These are my suggestions:
1. More than seeing sex as your right in marriage, see it as your responsibility.
See it as your major role in keeping your heart with your spouse. Never deny your spouse sex. Never withdraw your commitment.
2. Drink water from your own cistern.
People talk so much about the temptations men face, as they want to experiment and fantasise with other woman. They compare it with eating different kind of soup or food types. Not true.
Don’t have sex with someone who is ‘strange’ to your body, with whom you are not one flesh and can’t be one flesh.
Sex is better and more fulfilling with your spouse. As a matter of fact, the more you have sex with your spouse, the more you learn how to spice it up, use different methods and develop other skills.
3. Within marriage, every sex position is okay. The bed is undefiled in marriage. Sex is wholesome in marriage.
Break off frigid rules and routine. Give room for fantasies; help your partner, instead of condemning.
Don’t ever let your partner think he or she likes sex too much. If anything, make your spouse enjoy every moment.
4. Learn about child spacing and use it. You don’t have to be pregnant every time you have sex with your husband. The fear of pregnancies sometimes inhibits sexual desire.
5. Don’t compare your spouse with anyone.

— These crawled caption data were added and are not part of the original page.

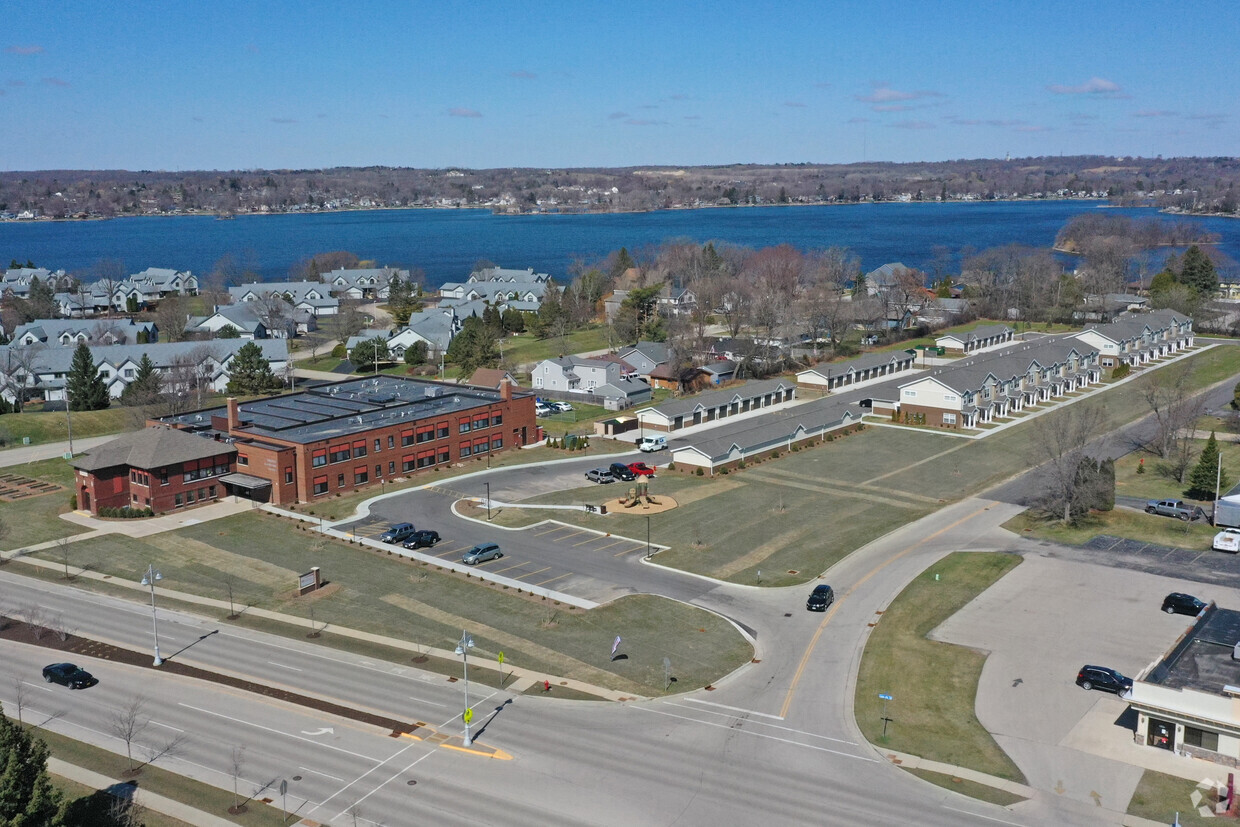 Foto del edificio - Muskego School Apartments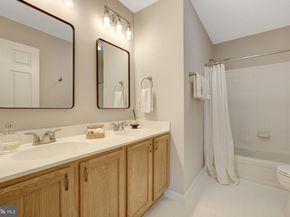 47425 River Crest Street, Sterling VA 20165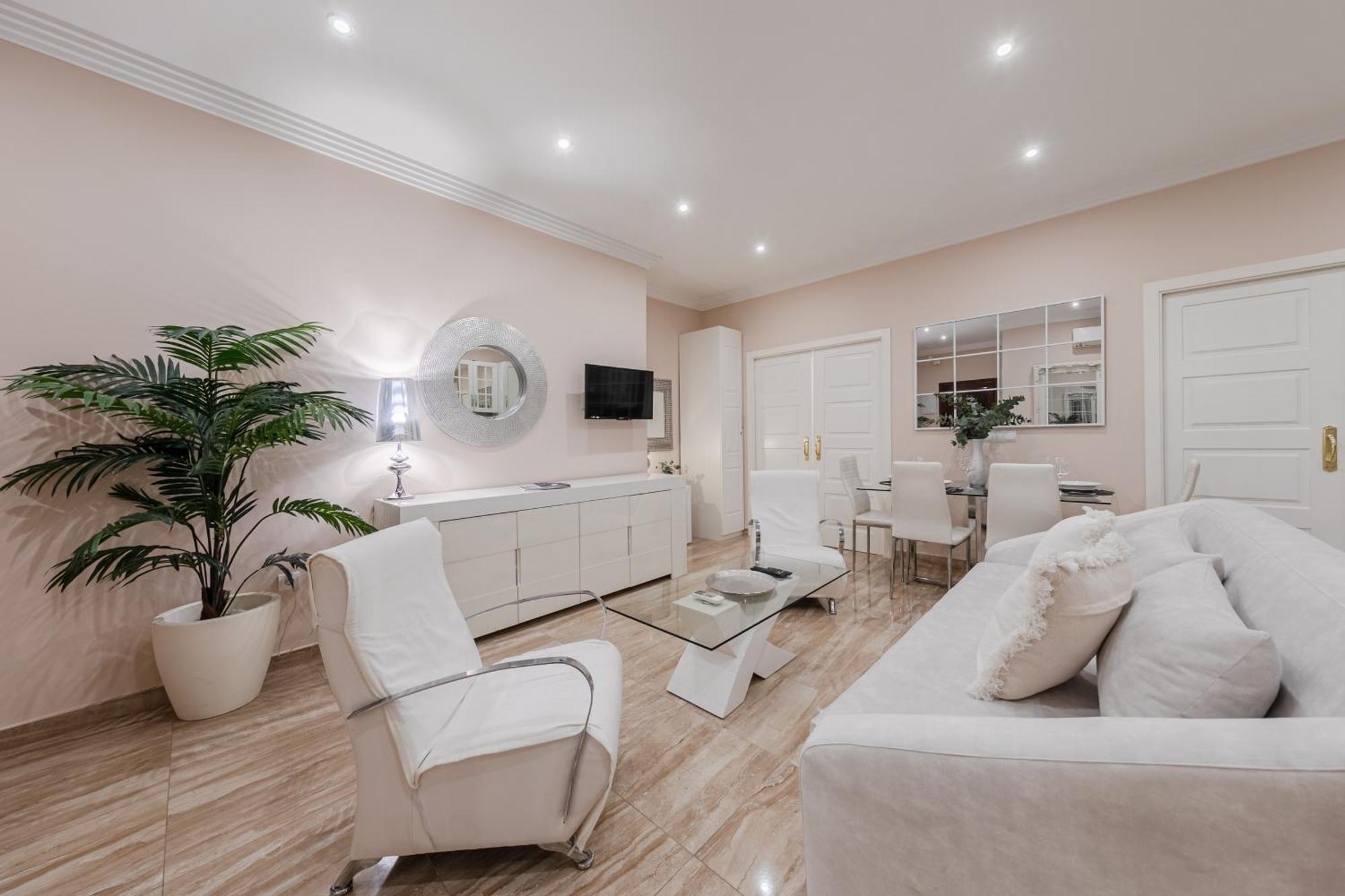 Isg Jose De Velilla Centro Parking Apartment Seville
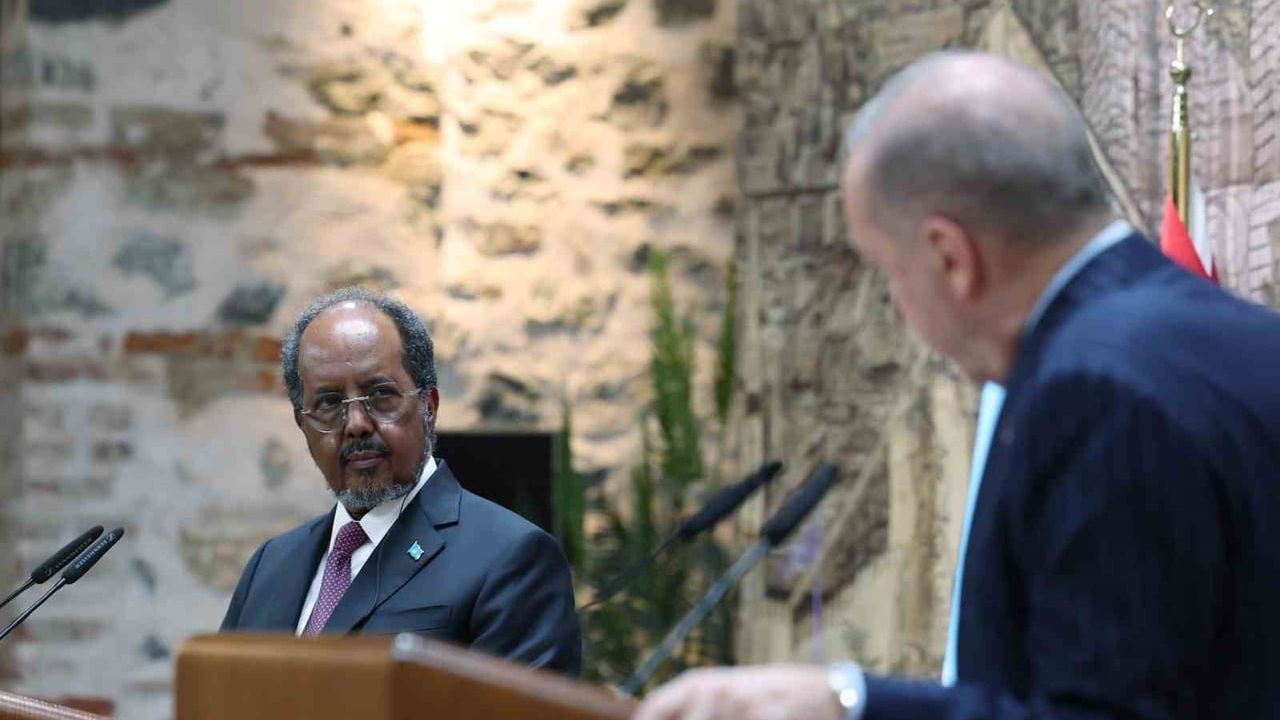 Erdoğan - Enver İbrahim: Türkiye-Malezya İşbirliğinde 10 Milyar Dolar Hedefi ve Stratejik Konsey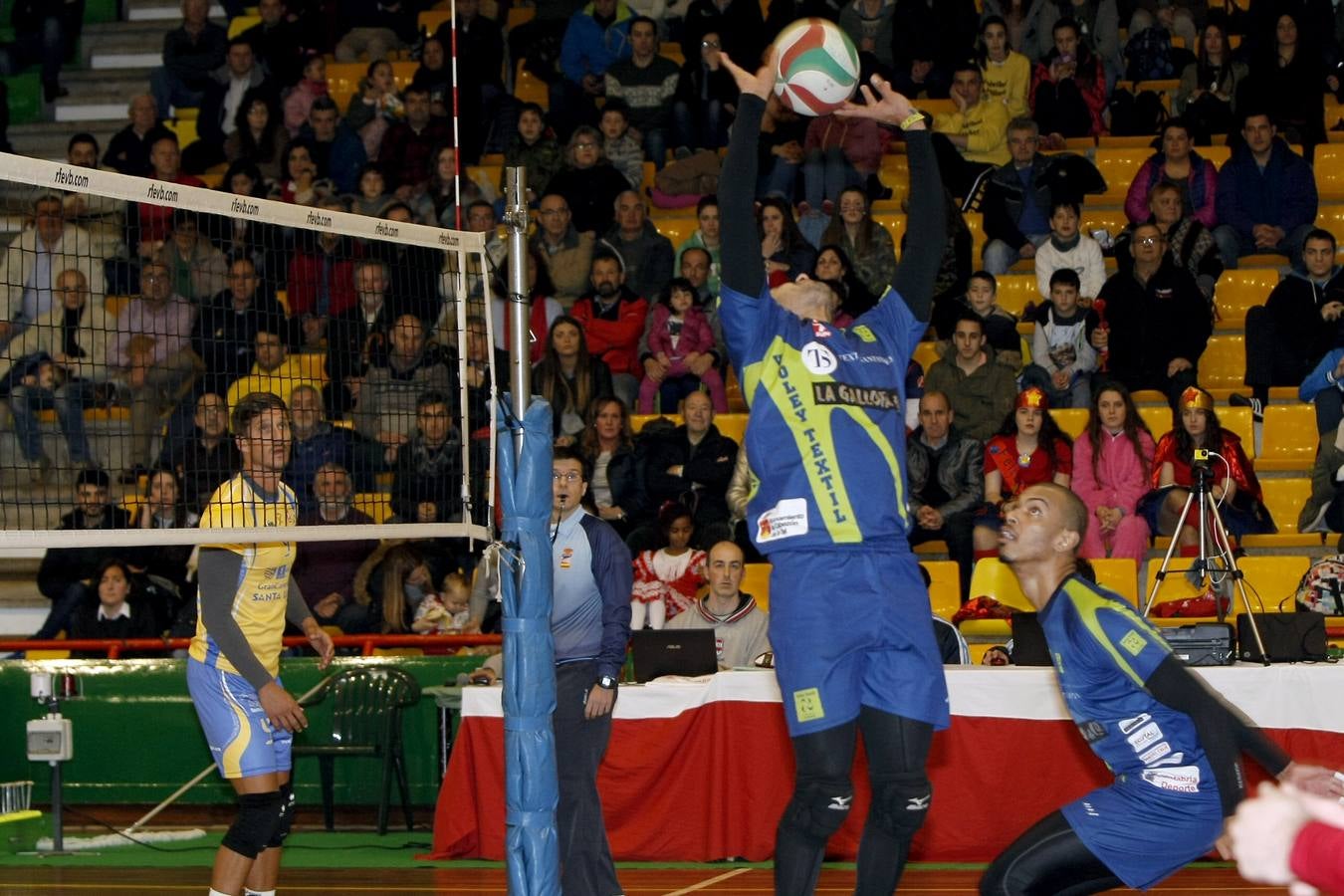 Textil Santanderina 3 - 2 Vecindarios de Gran Canaria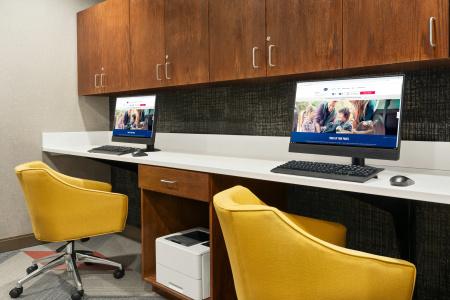 Hampton Inn & Suites West - 2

Sex is very personal. It is your physical way of uniting with your spouse- soul, mind, body… and personality.
Enjoy what your spouse has and be delighted at it. If your spouse doesn’t enjoy sex with you, find ways of making it exciting.
What I have discovered is that when you deeply love a person, the knowledge of how to satisfy them comes naturally.
5. Make love when you have sex. Whether it is a ‘quickie’ or a TDB, give yourself away. Be sweet, strong and satisfying.
Women fall in love with words before they fall in love with your looks. Reassure her with words. Touch your husband tenderly. Extol his manly qualities. Let him feel whole.
When we touch our partners, we should realise that the largest sex organ is the skin not the genital. You can put your spouse off when you just reach out to the genitals… you just want sex, not him or her.
They should feel you need the whole of them, not just some parts.
6. Never take each other for granted. Fuel your partner’s positive passions. Find creative ways of making her fall in love with you again and again.
From all life experiences, there is nothing as sweet as being in the arms of the person you deeply love, and you are sure do love you.
Your spouse will want everything with you if he or she feels that flow of passion. The real attraction is attitude, not just looks.
7. Take care of your body. The secret of good health is hygiene. Stay clean, mentally and physically.
Don’t do things that will make you feel guilty and thereby difficult to express genuine affection? Don’t let your husband feel the emotional distance even when you moan in sex.
Settle quarrels quickly. The unity with your spouse should be utmost in your mind. Stay spiritually clean. Don’t engage in ungodly, occultic practices that put your spouse at risk.
Stay physically clean. Take care, wash clothes and undies. Don’t sleep with someone other than your spouse. Don’t put your family at risk.
8. Establish a unity in the spirit. Flesh tear apart, but spirit bonds. Grow in your relationship with God. Pray together, fast together. Hear the word of God most times and grow in spiritual faith matters.
9. Have quiet times. There may be need to be away from each other for a while. It usually rekindles our flame. When we get exhausted, we may need to refill our love tank.